Wednesday 19th February 2014Keeping Your Gallereo Page Looking Current
One of the most common mistakes made by artists who are new to the digital world make is also probably one of the most understandable ones. Not being zoomed in to the world of the web and the extremely rapid stylistic evolutions of digital design means that many artists are suddenly left with websites that look outdated and even antiquated to the public. The general web-going public may not be able to put their finger exactly on what seems 'off' about these sites, but the average art buyer is a little more savvy when it comes to current trends in design, and at the very least, they are deliberately conscious of what what they like and what they don't. This begs the question - when is it time to update your Gallereo page design?

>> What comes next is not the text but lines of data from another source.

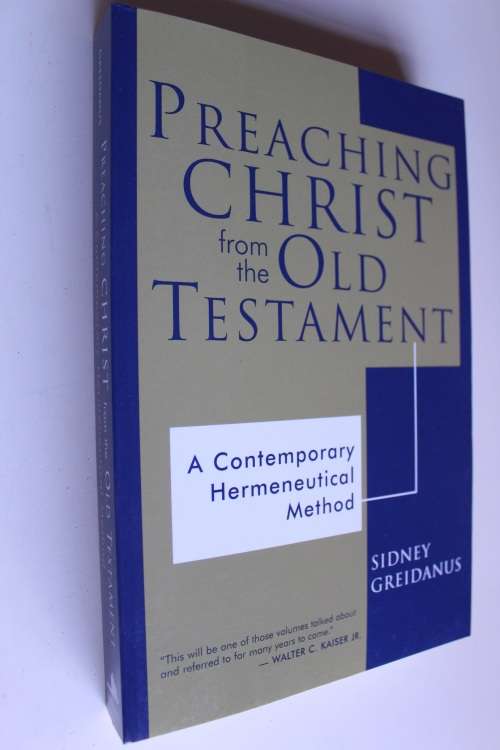 Preaching Christ from the Old Testament: A Contemporary Hermeneutical Method - Greidanus
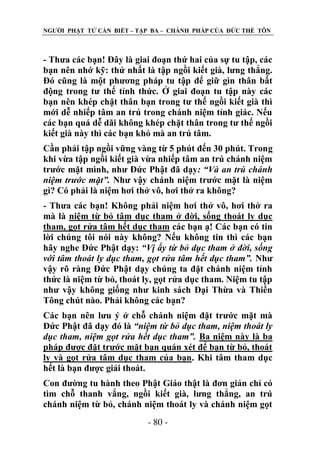 NGƢỜI PHẬT TỬ CẦN BIẾT – TẬP BA – CHÁNH PHÁP CỦA ĐỨC THẾ TÔN

- Thƣa các bạn! Đây là giai đoạn thứ hai của sự tu tập, các
bạn nên nhớ kỹ: thứ nhất là tập ngồi kiết già, lƣng thẳng.
Đó cũng là một phƣơng pháp tu tập để giữ gìn thân bất
động trong tƣ thế tỉnh thức. Ở giai đoạn tu tập này các
bạn nên khép chặt thân bạn trong tƣ thế ngồi kiết già thì
mới dễ nhiếp tâm an trú trong chánh niệm tỉnh giác. Nếu
các bạn quá dễ dãi không khép chặt thân trong tƣ thế ngồi
kiết già này thì các bạn khó mà an trú tâm.
Cần phải tập ngồi vững vàng từ 5 phút đến 30 phút. Trong
khi vừa tập ngồi kiết già vừa nhiếp tâm an trú chánh niệm
trƣớc mặt mình, nhƣ Đức Phật đã dạy: “Và an trú chánh
niệm trước mặt”. Nhƣ vậy chánh niệm trƣớc mặt là niệm
gì? Có phải là niệm hơi thở vô, hơi thở ra không?
- Thƣa các bạn! Không phải niệm hơi thở vô, hơi thở ra
mà là niệm từ bỏ tâm dục tham ở đời, sống thoát ly dục
tham, gọt rửa tâm hết dục tham các bạn ạ! Các bạn có tin
lời chúng tôi nói này không? Nếu không tin thì các bạn
hãy nghe Đức Phật dạy: “Vị ấy từ bỏ dục tham ở đời, sống
với tâm thoát ly dục tham, gọt rửa tâm hết dục tham”. Nhƣ
vậy rõ ràng Đức Phật dạy chúng ta đặt chánh niệm tỉnh
thức là niệm từ bỏ, thoát ly, gọt rửa dục tham. Niệm tu tập
nhƣ vậy không giống nhƣ kinh sách Đại Thừa và Thiền
Tông chút nào. Phải không các bạn?
Các bạn nên lƣu ý ở chỗ chánh niệm đặt trƣớc mặt mà
Đức Phật đã dạy đó là “niệm từ bỏ dục tham, niệm thoát ly
dục tham, niệm gọt rửa hết dục tham”. Ba niệm này là ba
pháp đƣợc đặt trƣớc mặt bạn quán xét để bạn từ bỏ, thoát
ly và gọt rửa tâm dục tham của bạn. Khi tâm tham dục
hết là bạn đƣợc giải thoát.
Con đƣờng tu hành theo Phật Giáo thật là đơn giản chỉ có
tìm chỗ thanh vắng, ngồi kiết già, lƣng thẳng, an trú
chánh niệm từ bỏ, chánh niệm thoát ly và chánh niệm gọt
- 80 -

Somewhat frustratingly, there isn't an easy answer to this question. Some people in the web design world offer a general rule of thumb that maintains updating your website every two years will allow you to stay on top of current trends, but considering the amount of time and effort that many people put into their sites, this isn't really practical. This is doubly true when (like most artists) you're not working with a professional web designer, and have to do the work yourself.
That being said, it's important to pay attention to the latest design trends to ensure that the contemporary feel of your website is maintained. Unless you're going for a specifically retro look, it's best to pay close attention to the design styles of some of the most popular websites to determine where they're going. For example, Apple's website design style used to correspond with their launch of the OSX operating system, featuring clean, rounded-glass styled buttons that leapt off the page in 3D.

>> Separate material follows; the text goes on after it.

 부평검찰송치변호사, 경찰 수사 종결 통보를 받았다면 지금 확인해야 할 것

In today's world, however, buttons like that tend to look a little over-designed and flashy, and the latest trend leans towards what is known as 'flat' design, with slight to minimal gradients on buttons and a greater emphasis on usability and clarity instead of needless flashiness. There is an added bonus to this recent emphasis, of course - clarity and well-planned sites are much, much better at turning visitors into buyers.

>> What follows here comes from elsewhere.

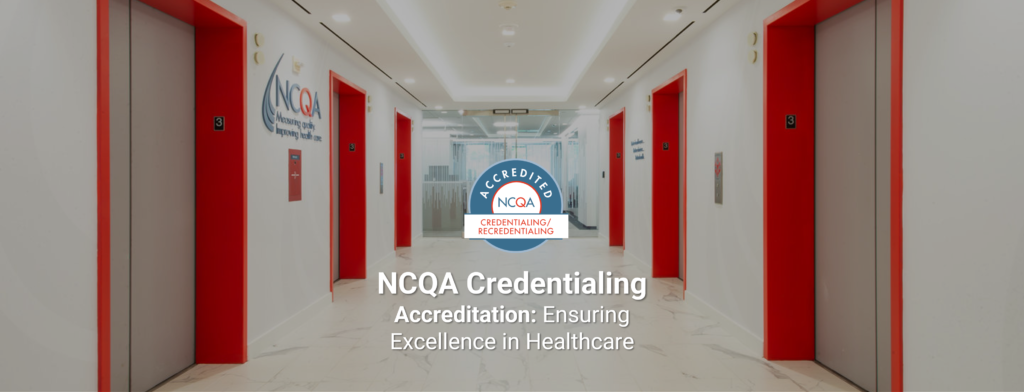 Ncqa Credentialing Accreditation Ensuring Excellence In Healthcare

Like the fashion world, design styles often seem cyclical, which can bring trends back around into vogue that were popular years ago and died out for a while. Even still, it's a long cycle, and while it may seem like forever, the web has only been around in earnest for a little over a decade - it's better to stay current with your Gallereo design in order to maximize your sales and attract the most visitors.
Posted on February 19th 2014 on 01:41am
Thursday 09th January 2014Tips for Designing Your Gallereo Page
We've discussed a number of different ways you can structure your Gallereo page in order to boost your sales, from taking advantage of search engine optimisation to writing complete descriptions all the way to using social media to build a name for yourself and ideas for maintaining and building readership using your built-in Gallereo blog. There is an element to your Gallereo page that can make an even larger difference to your success - the visual style, of course! We've held back from commenting on this because it's fairly personal in terms of your own unique artistic vision, but there are still some basic design pointers that we can offer that will be especially beneficial to those of you who are new to the whole web design world.
First of all, it's important to keep in mind that the pre-made templates that Gallereo offers are excellent. If the idea of designing your own website or modifying the templates yourself is overwhelming, don't be afraid to make use of the pre-made options. They're going to do a great job of helping you sell your work, and they all look great. That being said, if you have the time and the skills - or at least the willingness to learn - nothing can do a better job of representing you than a customised site.
When you're customising templates or coding from scratch, though, there are some things you should keep in mind. Namely, unless you're making your entire site an art project in and of itself, you want to keep the design elements to a minimum. To give your artwork maximum impact and so gain maximum sales numbers, you want the artwork itself to take centre stage, not the website. This is why so many artist websites use neutral colours for backgrounds - white, grey, or black - because they really help the colours and elements of the artwork imagery 'pop' from the page.
With that in mind, though, it's a good idea to include a little bit of colour around your site, but make sure to use it sparingly. Choose one or two colours that work well together, and use them as accents around the site - for example, on your 'Buy' or 'Purchase' buttons and any other 'call to actions' you use on your site. A 'call to action' is basically what it says on the tin: a button or link that asks the user to perform an action, such as 'get more information' or 'purchase now', which makes highlighting them with colour very useful.
Plan your site carefully, because it can be one of the largest factors that impact your success at selling your artwork online. Remember - it can be a work in progress. If you finish your site and find that you're getting lots of visitors but not a lot of sales, try changing your site around to see if it will help boost sales.